These entries are to be set down again exactly.

*** Opening Data for this task ***

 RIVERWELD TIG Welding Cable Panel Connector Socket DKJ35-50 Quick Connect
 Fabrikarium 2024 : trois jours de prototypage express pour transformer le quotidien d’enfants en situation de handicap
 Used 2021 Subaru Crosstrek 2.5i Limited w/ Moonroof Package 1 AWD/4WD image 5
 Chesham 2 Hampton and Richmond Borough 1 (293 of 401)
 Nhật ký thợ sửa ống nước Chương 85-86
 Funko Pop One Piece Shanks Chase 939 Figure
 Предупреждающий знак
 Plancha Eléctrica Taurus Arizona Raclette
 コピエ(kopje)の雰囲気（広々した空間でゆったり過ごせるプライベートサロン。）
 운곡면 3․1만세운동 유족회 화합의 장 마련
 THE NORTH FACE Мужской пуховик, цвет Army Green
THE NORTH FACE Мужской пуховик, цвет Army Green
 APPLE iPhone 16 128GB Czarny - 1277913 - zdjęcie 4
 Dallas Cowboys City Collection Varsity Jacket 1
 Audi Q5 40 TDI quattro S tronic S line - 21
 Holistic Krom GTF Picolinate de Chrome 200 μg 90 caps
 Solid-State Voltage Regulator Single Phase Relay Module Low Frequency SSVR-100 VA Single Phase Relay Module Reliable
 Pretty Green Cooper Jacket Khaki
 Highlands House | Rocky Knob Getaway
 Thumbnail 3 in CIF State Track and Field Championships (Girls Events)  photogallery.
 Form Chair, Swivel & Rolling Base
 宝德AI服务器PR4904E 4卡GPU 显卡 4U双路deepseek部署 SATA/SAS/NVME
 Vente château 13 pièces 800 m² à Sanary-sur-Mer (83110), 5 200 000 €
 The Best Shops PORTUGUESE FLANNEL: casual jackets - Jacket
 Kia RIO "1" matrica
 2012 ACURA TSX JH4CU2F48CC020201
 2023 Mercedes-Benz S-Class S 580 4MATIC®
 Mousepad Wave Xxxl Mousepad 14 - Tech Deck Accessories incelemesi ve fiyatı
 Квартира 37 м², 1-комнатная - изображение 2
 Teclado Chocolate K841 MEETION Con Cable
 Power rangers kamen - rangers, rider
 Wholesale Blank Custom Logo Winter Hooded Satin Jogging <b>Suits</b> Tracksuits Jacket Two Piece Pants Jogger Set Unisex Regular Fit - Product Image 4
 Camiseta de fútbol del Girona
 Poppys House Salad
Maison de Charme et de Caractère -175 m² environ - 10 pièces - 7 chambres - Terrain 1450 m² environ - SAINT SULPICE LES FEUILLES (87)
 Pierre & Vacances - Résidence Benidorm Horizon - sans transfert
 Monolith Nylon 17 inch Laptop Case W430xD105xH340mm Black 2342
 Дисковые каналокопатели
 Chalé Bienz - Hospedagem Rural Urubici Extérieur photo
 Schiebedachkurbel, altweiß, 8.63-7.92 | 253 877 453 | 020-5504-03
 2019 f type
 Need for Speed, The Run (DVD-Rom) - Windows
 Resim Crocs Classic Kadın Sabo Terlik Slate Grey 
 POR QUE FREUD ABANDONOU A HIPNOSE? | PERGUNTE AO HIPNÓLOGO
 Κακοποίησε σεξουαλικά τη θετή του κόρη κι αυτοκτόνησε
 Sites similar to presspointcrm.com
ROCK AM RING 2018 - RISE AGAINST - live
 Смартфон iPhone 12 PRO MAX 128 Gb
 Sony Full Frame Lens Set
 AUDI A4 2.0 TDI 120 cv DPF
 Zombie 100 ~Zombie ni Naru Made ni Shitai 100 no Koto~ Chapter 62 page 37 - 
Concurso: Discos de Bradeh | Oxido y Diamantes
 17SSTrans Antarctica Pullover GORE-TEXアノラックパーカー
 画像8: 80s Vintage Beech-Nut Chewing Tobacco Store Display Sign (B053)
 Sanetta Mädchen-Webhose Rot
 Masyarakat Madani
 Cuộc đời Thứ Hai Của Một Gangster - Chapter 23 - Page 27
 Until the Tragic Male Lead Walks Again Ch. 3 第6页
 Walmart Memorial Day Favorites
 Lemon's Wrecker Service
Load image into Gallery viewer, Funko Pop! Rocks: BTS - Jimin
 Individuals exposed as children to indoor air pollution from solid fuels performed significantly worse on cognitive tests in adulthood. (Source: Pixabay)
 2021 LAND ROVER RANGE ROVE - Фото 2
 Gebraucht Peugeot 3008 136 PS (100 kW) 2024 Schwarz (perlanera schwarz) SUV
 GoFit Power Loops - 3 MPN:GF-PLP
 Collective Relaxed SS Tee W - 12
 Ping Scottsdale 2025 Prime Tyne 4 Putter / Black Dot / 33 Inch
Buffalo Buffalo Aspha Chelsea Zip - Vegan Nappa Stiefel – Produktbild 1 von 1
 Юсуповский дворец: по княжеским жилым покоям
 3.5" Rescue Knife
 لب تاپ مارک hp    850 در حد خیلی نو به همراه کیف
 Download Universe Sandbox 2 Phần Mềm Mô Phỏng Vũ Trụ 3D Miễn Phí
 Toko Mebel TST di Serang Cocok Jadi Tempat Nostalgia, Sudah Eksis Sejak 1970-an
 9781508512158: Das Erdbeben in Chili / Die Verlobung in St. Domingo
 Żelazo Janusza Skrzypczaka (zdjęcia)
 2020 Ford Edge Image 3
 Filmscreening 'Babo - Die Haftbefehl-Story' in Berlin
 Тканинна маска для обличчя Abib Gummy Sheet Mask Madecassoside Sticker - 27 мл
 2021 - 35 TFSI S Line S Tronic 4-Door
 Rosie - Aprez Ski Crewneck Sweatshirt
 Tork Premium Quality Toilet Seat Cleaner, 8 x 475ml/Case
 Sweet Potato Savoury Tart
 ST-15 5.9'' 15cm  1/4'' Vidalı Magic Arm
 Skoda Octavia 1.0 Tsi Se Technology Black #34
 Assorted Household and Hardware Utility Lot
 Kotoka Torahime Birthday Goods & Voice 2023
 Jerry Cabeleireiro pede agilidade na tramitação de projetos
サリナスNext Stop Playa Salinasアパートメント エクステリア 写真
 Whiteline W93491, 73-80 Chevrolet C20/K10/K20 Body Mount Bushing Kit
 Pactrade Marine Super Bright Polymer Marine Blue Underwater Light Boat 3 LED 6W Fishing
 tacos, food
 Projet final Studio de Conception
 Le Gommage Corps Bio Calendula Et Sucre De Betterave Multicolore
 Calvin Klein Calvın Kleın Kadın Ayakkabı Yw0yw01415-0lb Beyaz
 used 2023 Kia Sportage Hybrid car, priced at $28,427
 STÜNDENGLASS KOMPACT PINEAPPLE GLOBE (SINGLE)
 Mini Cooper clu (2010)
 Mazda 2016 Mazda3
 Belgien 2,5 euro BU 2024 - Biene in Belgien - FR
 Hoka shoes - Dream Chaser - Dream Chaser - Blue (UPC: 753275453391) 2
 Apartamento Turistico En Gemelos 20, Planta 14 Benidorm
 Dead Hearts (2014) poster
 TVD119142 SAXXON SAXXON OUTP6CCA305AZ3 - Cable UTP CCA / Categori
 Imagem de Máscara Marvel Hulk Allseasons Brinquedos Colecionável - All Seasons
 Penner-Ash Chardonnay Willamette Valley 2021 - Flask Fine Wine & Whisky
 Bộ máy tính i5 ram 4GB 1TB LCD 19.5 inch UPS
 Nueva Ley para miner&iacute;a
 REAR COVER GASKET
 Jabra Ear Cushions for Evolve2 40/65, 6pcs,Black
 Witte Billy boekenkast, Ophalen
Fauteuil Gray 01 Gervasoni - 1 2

*** Closing Data for this task ***

- Exercise output
 RIVERWELD TIG Welding Cable Panel Connector Socket DKJ35-50 Quick Connect
 Fabrikarium 2024 : trois jours de prototypage express pour transformer le quotidien d’enfants en situation de handicap
 Used 2021 Subaru Crosstrek 2.5i Limited w/ Moonroof Package 1 AWD/4WD image 5
 Chesham 2 Hampton and Richmond Borough 1 (293 of 401)
 Nhật ký thợ sửa ống nước Chương 85-86
 Funko Pop One Piece Shanks Chase 939 Figure
 Предупреждающий знак
 Plancha Eléctrica Taurus Arizona Raclette
 コピエ(kopje)の雰囲気（広々した空間でゆったり過ごせるプライベートサロン。）
 운곡면 3․1만세운동 유족회 화합의 장 마련
 THE NORTH FACE Мужской пуховик, цвет Army Green
THE NORTH FACE Мужской пуховик, цвет Army Green
 APPLE iPhone 16 128GB Czarny - 1277913 - zdjęcie 4
 Dallas Cowboys City Collection Varsity Jacket 1
 Audi Q5 40 TDI quattro S tronic S line - 21
 Holistic Krom GTF Picolinate de Chrome 200 μg 90 caps
 Solid-State Voltage Regulator Single Phase Relay Module Low Frequency SSVR-100 VA Single Phase Relay Module Reliable
 Pretty Green Cooper Jacket Khaki
 Highlands House | Rocky Knob Getaway
 Thumbnail 3 in CIF State Track and Field Championships (Girls Events)  photogallery.
 Form Chair, Swivel & Rolling Base
 宝德AI服务器PR4904E 4卡GPU 显卡 4U双路deepseek部署 SATA/SAS/NVME
 Vente château 13 pièces 800 m² à Sanary-sur-Mer (83110), 5 200 000 €
 The Best Shops PORTUGUESE FLANNEL: casual jackets - Jacket
 Kia RIO "1" matrica
 2012 ACURA TSX JH4CU2F48CC020201
 2023 Mercedes-Benz S-Class S 580 4MATIC®
 Mousepad Wave Xxxl Mousepad 14 - Tech Deck Accessories incelemesi ve fiyatı
 Квартира 37 м², 1-комнатная - изображение 2
 Teclado Chocolate K841 MEETION Con Cable
 Power rangers kamen - rangers, rider
 Wholesale Blank Custom Logo Winter Hooded Satin Jogging <b>Suits</b> Tracksuits Jacket Two Piece Pants Jogger Set Unisex Regular Fit - Product Image 4
 Camiseta de fútbol del Girona
 Poppys House Salad
Maison de Charme et de Caractère -175 m² environ - 10 pièces - 7 chambres - Terrain 1450 m² environ - SAINT SULPICE LES FEUILLES (87)
 Pierre & Vacances - Résidence Benidorm Horizon - sans transfert
 Monolith Nylon 17 inch Laptop Case W430xD105xH340mm Black 2342
 Дисковые каналокопатели
 Chalé Bienz - Hospedagem Rural Urubici Extérieur photo
 Schiebedachkurbel, altweiß, 8.63-7.92 | 253 877 453 | 020-5504-03
 2019 f type
 Need for Speed, The Run (DVD-Rom) - Windows
 Resim Crocs Classic Kadın Sabo Terlik Slate Grey 
 POR QUE FREUD ABANDONOU A HIPNOSE? | PERGUNTE AO HIPNÓLOGO
 Κακοποίησε σεξουαλικά τη θετή του κόρη κι αυτοκτόνησε
 Sites similar to presspointcrm.com
ROCK AM RING 2018 - RISE AGAINST - live
 Смартфон iPhone 12 PRO MAX 128 Gb
 Sony Full Frame Lens Set
 AUDI A4 2.0 TDI 120 cv DPF
 Zombie 100 ~Zombie ni Naru Made ni Shitai 100 no Koto~ Chapter 62 page 37 - 
Concurso: Discos de Bradeh | Oxido y Diamantes
 17SSTrans Antarctica Pullover GORE-TEXアノラックパーカー
 画像8: 80s Vintage Beech-Nut Chewing Tobacco Store Display Sign (B053)
 Sanetta Mädchen-Webhose Rot
 Masyarakat Madani
 Cuộc đời Thứ Hai Của Một Gangster - Chapter 23 - Page 27
 Until the Tragic Male Lead Walks Again Ch. 3 第6页
 Walmart Memorial Day Favorites
 Lemon's Wrecker Service
Load image into Gallery viewer, Funko Pop! Rocks: BTS - Jimin
 Individuals exposed as children to indoor air pollution from solid fuels performed significantly worse on cognitive tests in adulthood. (Source: Pixabay)
 2021 LAND ROVER RANGE ROVE - Фото 2
 Gebraucht Peugeot 3008 136 PS (100 kW) 2024 Schwarz (perlanera schwarz) SUV
 GoFit Power Loops - 3 MPN:GF-PLP
 Collective Relaxed SS Tee W - 12
 Ping Scottsdale 2025 Prime Tyne 4 Putter / Black Dot / 33 Inch
Buffalo Buffalo Aspha Chelsea Zip - Vegan Nappa Stiefel – Produktbild 1 von 1
 Юсуповский дворец: по княжеским жилым покоям
 3.5" Rescue Knife
 لب تاپ مارک hp    850 در حد خیلی نو به همراه کیف
 Download Universe Sandbox 2 Phần Mềm Mô Phỏng Vũ Trụ 3D Miễn Phí
 Toko Mebel TST di Serang Cocok Jadi Tempat Nostalgia, Sudah Eksis Sejak 1970-an
 9781508512158: Das Erdbeben in Chili / Die Verlobung in St. Domingo
 Żelazo Janusza Skrzypczaka (zdjęcia)
 2020 Ford Edge Image 3
 Filmscreening 'Babo - Die Haftbefehl-Story' in Berlin
 Тканинна маска для обличчя Abib Gummy Sheet Mask Madecassoside Sticker - 27 мл
 2021 - 35 TFSI S Line S Tronic 4-Door
 Rosie - Aprez Ski Crewneck Sweatshirt
 Tork Premium Quality Toilet Seat Cleaner, 8 x 475ml/Case
 Sweet Potato Savoury Tart
 ST-15 5.9'' 15cm  1/4'' Vidalı Magic Arm
 Skoda Octavia 1.0 Tsi Se Technology Black #34
 Assorted Household and Hardware Utility Lot
 Kotoka Torahime Birthday Goods & Voice 2023
 Jerry Cabeleireiro pede agilidade na tramitação de projetos
サリナスNext Stop Playa Salinasアパートメント エクステリア 写真
 Whiteline W93491, 73-80 Chevrolet C20/K10/K20 Body Mount Bushing Kit
 Pactrade Marine Super Bright Polymer Marine Blue Underwater Light Boat 3 LED 6W Fishing
 tacos, food
 Projet final Studio de Conception
 Le Gommage Corps Bio Calendula Et Sucre De Betterave Multicolore
 Calvin Klein Calvın Kleın Kadın Ayakkabı Yw0yw01415-0lb Beyaz
 used 2023 Kia Sportage Hybrid car, priced at $28,427
 STÜNDENGLASS KOMPACT PINEAPPLE GLOBE (SINGLE)
 Mini Cooper clu (2010)
 Mazda 2016 Mazda3
 Belgien 2,5 euro BU 2024 - Biene in Belgien - FR
 Hoka shoes - Dream Chaser - Dream Chaser - Blue (UPC: 753275453391) 2
 Apartamento Turistico En Gemelos 20, Planta 14 Benidorm
 Dead Hearts (2014) poster
 TVD119142 SAXXON SAXXON OUTP6CCA305AZ3 - Cable UTP CCA / Categori
 Imagem de Máscara Marvel Hulk Allseasons Brinquedos Colecionável - All Seasons
 Penner-Ash Chardonnay Willamette Valley 2021 - Flask Fine Wine & Whisky
 Bộ máy tính i5 ram 4GB 1TB LCD 19.5 inch UPS
 Nueva Ley para miner&iacute;a
 REAR COVER GASKET
 Jabra Ear Cushions for Evolve2 40/65, 6pcs,Black
 Witte Billy boekenkast, Ophalen
Fauteuil Gray 01 Gervasoni - 1 2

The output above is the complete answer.